Hedge fund that's up 227% makes commodity bets on rate-cut talk

26th January 2024 By: Bloomberg

XIB Asset Management, the Canadian hedge fund that gained more than 200% in the first two years of the pandemic, is now betting that gold and uranium will outperform as interest rates decline.

The firm, founded by Sean McNulty and Peter Hatziioannou, expects policymakers to begin lowering borrowing costs soon.

“This creates a much more compelling outlook for global resources and is likely to drive a considerable improvement in Canadian capital markets activity,” the firm said in an investor letter seen by Bloomberg.

The XIB Fund posted a 0.8% loss in December, partly because of a reduced valuation on one of its private holdings, though it still returned 6.2% last year — rebounding from a loss of almost 15% in 2022.

“Gold and other commodity-driven equities have traditionally performed well during the next stages of the credit cycle,” McNulty said in an emailed statement, adding that there’s a looming supply shortfall in the uranium sector that’s garnering global attention.

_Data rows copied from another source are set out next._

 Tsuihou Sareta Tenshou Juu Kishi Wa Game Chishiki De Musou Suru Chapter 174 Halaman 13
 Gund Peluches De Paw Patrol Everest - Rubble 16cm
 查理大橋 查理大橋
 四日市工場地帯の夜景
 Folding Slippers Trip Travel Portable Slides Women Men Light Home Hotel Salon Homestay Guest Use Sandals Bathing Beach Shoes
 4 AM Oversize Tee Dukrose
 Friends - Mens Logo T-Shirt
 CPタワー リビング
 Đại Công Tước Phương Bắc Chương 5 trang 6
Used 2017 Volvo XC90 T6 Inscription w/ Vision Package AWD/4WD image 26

The price of uranium, used to power nuclear reactors, has skyrocketed as last year’s coup in Niger disrupted shipments to European reactors, and miner Cameco Corp. reduced its production targets because of challenges at its Canadian operations. The US, meanwhile, is intensifying efforts to ramp up enrichment as it plans to bar enriched-uranium imports from Russia, its top foreign supplier.

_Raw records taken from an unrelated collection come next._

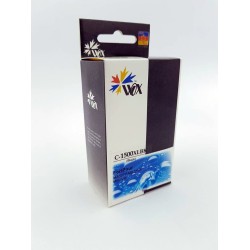 Tusz Wox Black Canon Pgi-1500Xlbk Z Chipem Zamiennik Pgi1500Xlbk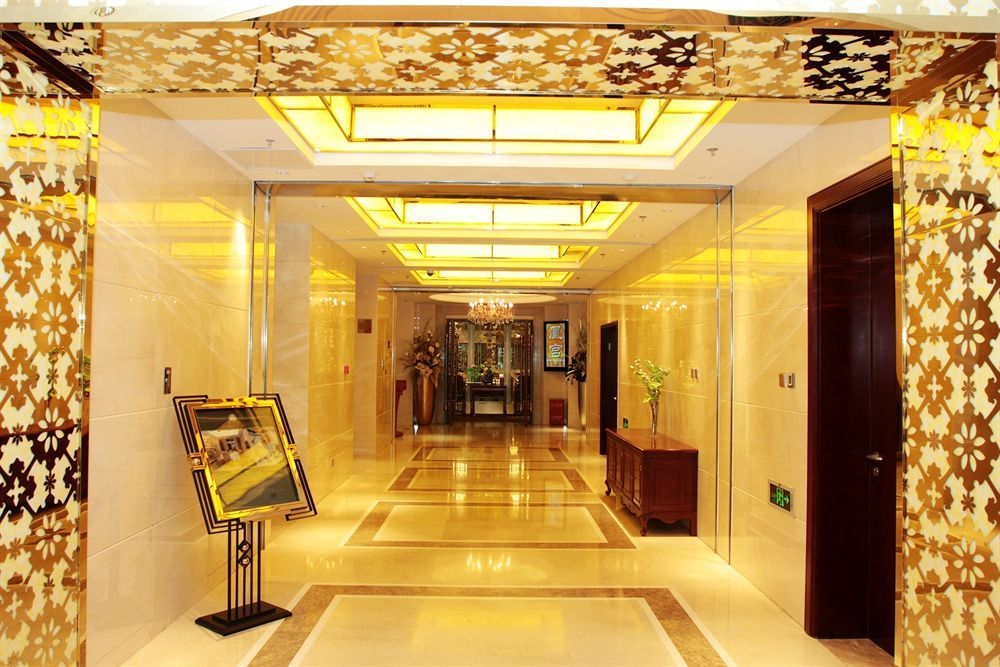 Beijing Royal Phoenix Hotel ภายนอก รูปภาพ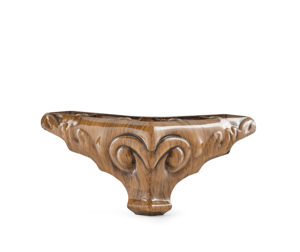 Patas de sofá de plástico resistente Koc de 10-14cm con acabado pintado para el hogar moderno, oficina, sala de estar, comedor, sillas, mesas de café, cocina - Product Image 3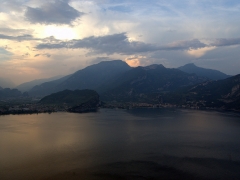 Riva del Garda, Lago di Garda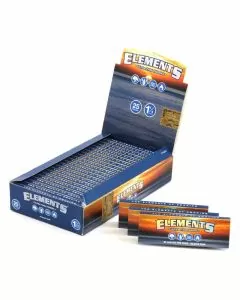 Elements - Paper 1 1/4 Magnet Packet - 25 Per Box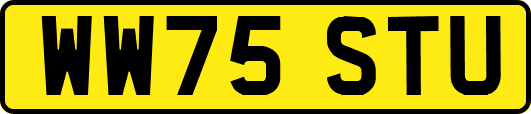 WW75STU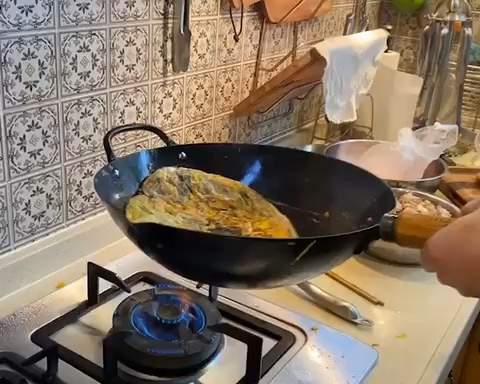 蚵仔煎 Oyster Omelet的做法 步骤6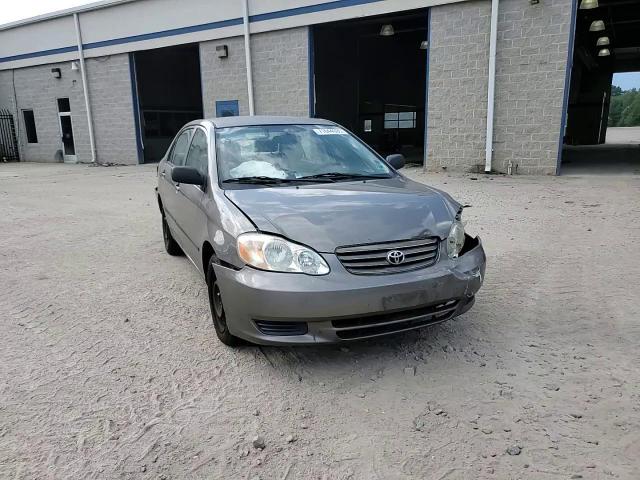 2003 Toyota Corolla VIN: 1NXBR32E93Z108151 Lot: 71644085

With Canada home to hundreds of mining and resource companies, McNulty said he expects “an increase in corporate finance, M&A, and index events in these sectors,” and that Toronto-based XIB has “correspondingly added to our investing activities and event-driven exposure.”

XIB finished last year fully invested after adding new gold and uranium positions, according to the letter to investors. “Now, after what feels like two years of playing defense within the portfolio, we feel as though we are back to playing offense.”

The XIB Fund returned about 227% since its August 2019 inception, with the bulk of those returns coming in 2020 and 2021, according to the firm. The fund is relatively small — it had about C$160 million ($119 million) at the end of September, according to a document from Bank of Montreal — and pursues a flexible strategy that can include equity, debt and convertible securities alongside event-driven bets such as corporate reorganizations.